If Memphis is going to help its children become better readers, it needs to get books into their hands as early as possible.
That’s the thinking behind the newly announced merger of Shelby County Books from Birth with Porter-Leath, the city’s leading provider of early childhood education for children in low-income areas.
Since 2005, Books from Birth has distributed free books to children up to age 5 as the Shelby County affiliate of entertainer Dolly Parton’s Imagination Library. Under an agreement finalized late last week, the program will now live under Porter-Leath, a nonprofit organization that oversees Head Start classrooms and wraparound services in partnership with Shelby County Schools.
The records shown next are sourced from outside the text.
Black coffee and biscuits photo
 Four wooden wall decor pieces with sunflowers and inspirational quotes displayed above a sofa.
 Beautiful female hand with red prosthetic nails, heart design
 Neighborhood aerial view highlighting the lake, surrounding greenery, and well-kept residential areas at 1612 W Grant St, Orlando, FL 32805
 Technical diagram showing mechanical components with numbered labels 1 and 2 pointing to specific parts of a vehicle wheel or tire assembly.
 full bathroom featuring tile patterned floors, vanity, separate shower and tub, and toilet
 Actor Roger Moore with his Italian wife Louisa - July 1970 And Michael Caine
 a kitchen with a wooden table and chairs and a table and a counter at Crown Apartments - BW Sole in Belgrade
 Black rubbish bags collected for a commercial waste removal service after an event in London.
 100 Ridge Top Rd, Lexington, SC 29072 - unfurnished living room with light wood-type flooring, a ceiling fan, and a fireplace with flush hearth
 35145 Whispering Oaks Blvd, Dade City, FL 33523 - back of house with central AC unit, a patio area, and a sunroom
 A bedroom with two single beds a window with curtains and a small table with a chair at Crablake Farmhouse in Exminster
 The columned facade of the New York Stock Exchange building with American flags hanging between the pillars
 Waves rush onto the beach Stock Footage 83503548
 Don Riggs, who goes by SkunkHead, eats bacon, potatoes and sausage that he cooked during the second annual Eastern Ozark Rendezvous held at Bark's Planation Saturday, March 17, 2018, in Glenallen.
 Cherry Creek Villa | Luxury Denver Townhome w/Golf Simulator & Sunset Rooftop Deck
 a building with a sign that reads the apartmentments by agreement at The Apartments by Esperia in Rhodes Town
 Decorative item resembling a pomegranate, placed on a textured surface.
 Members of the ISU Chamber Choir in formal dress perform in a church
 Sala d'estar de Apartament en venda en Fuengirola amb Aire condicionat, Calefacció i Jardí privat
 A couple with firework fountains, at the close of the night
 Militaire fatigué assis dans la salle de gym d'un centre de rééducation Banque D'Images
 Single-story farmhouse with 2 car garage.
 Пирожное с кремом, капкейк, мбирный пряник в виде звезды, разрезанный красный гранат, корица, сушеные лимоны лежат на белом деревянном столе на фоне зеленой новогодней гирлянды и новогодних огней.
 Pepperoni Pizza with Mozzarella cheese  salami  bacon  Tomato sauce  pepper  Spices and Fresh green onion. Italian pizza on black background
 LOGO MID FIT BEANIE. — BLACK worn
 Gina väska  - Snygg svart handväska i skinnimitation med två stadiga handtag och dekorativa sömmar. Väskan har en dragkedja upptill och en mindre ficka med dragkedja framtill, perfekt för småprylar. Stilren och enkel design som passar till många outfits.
The merger marks a concerted effort by Porter-Leath to move literacy education beyond the classroom by giving parents the tools they need to be their child’s first teachers. It also should expand the reach of the book delivery service in one of the state’s highest-poverty counties.
State and local leaders increasingly view better early education programs as key to higher rates of literacy in Shelby County Schools, where less than a third of third-graders are reading on grade level.
“(Books from Birth) will help us drive home the literacy lessons were making in the classroom,” said Rob Hughes, Porter-Leath’s vice president of development. “We want our students reading on grade level in kindergarten, so that they grow to be on grade level in elementary school, so they have a better chance of graduating high school. We see this a key piece of that strategy.”
Porter-Leath serves about 6,000 annually in 300 early childhood classrooms, and all of its children will now be enrolled in the Books from Birth home delivery program.
Read how Porter-Leath is seeking to up the quality of pre-K instruction in Memphis.
Through Porter-Leath, the group’s leaders hope to expand monthly book deliveries beyond 46,000 children, or 70 percent of pre-K children in Shelby County. (Memphis has a high rate of mobility, making it difficult to keep track of and serve youngsters.)
“It’s always been a challenge to keep families enrolled, and this partnership helps us really support the families that Porter-Leath serves,” said Jamila Wicks, executive director of Books from Birth. “We can better reach parents where they are.”